Optical Tweezers Combined with Single-Molecule Fluorescence Imaging

We are monitoring the structural re-arrangements and conformational changes during the steps of PIC assembly in real-time using a combination of Optical Trapping with Total-Internal-Reflection microscopy. The experimental setup is based around a multi-color single-molecule fluorescence TIR microscope capable of sub-nanometer co-localization of individual dye-molecules. State-of-the-art optical trapping and nano-positioning capabilities in this instrument allow simultaneous imaging and manipulation of surface tethered DNA molecules.

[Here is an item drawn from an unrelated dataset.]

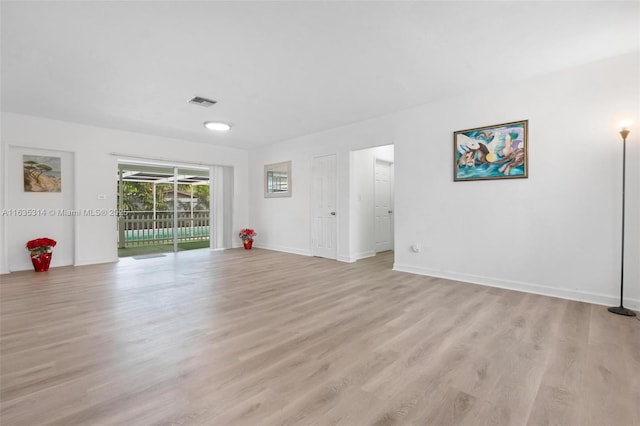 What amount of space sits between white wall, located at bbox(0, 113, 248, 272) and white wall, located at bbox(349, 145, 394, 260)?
3.91 m

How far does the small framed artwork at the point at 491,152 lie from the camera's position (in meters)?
→ 3.58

This technique allows detecting the real-time dynamics during the PIC assembly.

A current implementation of the setup, built around a commercial Olympus IX-71 is shown above. The setup is comprised of individual functional blocks, shown below.

We excite different dye molecules by three lasers (Block B: 488nm (not shown), 532nm frequency-doubled Nd-YAG, 635nm diode), in objective-type TIR mode (green/red light path). Single-molecule fluorescence (yellow light path) is collected by the same objective and is detected by an Electron-Multiplication CCD Camera (CCD1) for wide field imaging. Dichroic mirrors and band-pass filters are used to separate the fluorescence emission of the different dyes and form images on two separate regions of the EM-CCD (home-built 2-color imaging optics Box, details not shown). Also a video-rate camera (CCD2) and an LED are included for general-purpose imaging/alignment.

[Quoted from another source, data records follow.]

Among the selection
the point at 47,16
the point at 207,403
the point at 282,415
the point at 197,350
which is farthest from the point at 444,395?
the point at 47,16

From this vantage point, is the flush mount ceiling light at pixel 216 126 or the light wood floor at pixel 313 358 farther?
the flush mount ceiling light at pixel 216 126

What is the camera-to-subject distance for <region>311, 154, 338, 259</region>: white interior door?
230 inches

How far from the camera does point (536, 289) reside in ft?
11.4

A Nd-YAG laser beam (2W maximum at 1064nm) is used to form the optical trap (Block D: pink light path). The position of the trap in the specimen plane is adjusted using a set of Acousto-optic Deflectors(not shown). For position detection, the forward-scattered light off the trapped bead is collected with a condenser lens and the condenser back-focal plane is imaged in a Quadrant-photo-detector (QPD). The QPD output is digitized and stored on a PC for off-line analysis or observed in real-time with a spectrum analyzer. During combined optical trapping/single molecule fluorescence imaging it is known that absorption of a NIR photon during the excited state lifetime of certain cyanine dyes (Cy3 and Alexa-555) can cause irreversible photo-destruction. Since the excited state lifetime of Cy3 is ~nsec while relevant experimental time scales are ~msec or longer a straightforward way to circumvent this problem is alternating the excitation and trapping beams. However, chopping at frequencies close to the viscous relaxation time of the bead can compromise the performance of the trap and increase position noise. In our setup the same RF signal from a Voltage-controlled Oscillator drives both the 532nm and 1064nm Acousto-optic Deflectors, while an RF switch alternates between the two. The signal driving the switch is a square wave from a function generator and the RF signal is amplified to drive the AODs. By also reducing the beam waist (~100um) inside the Acousto-optic crystals our homemade electronics achieve modulation frequencies up to (at least) 1MHz, as verified by a fast photodiode. Chopping the trapping beam at the 100KHz-1MHz frequency range does not result in any adverse effects, other than a 2-fold reduction in the trap stiffness due to the 50% duty cycle. At the same time the enhanced photo-bleaching of the Cy3 is eliminated.

Back-focal-plane detection of a fiducial marks on the sample detects stage and focus drift. The fiducial is a ~1um bead stuck on the coverslip. The beam from a temperature-stabilized and optically isolated diode laser (780nm, orange optical path) forms a bright-field image of the mark on QPD. The beams is coupled to the microscope through a polarization-maintaining single-mode optical fiber for enhanced pointing stability. The signals of the position detector are compared to the desired set-point for the stage coordinates. The error signal drives the control electronics of a 3-axis Nano-Positioning stage to correct drift in each axis (X, Y, Z) independently. This closed-loop feedback-stabilization approach is essential in alleviating drift and allowing precise measurements on the sub-nanometer scale during extended experiments.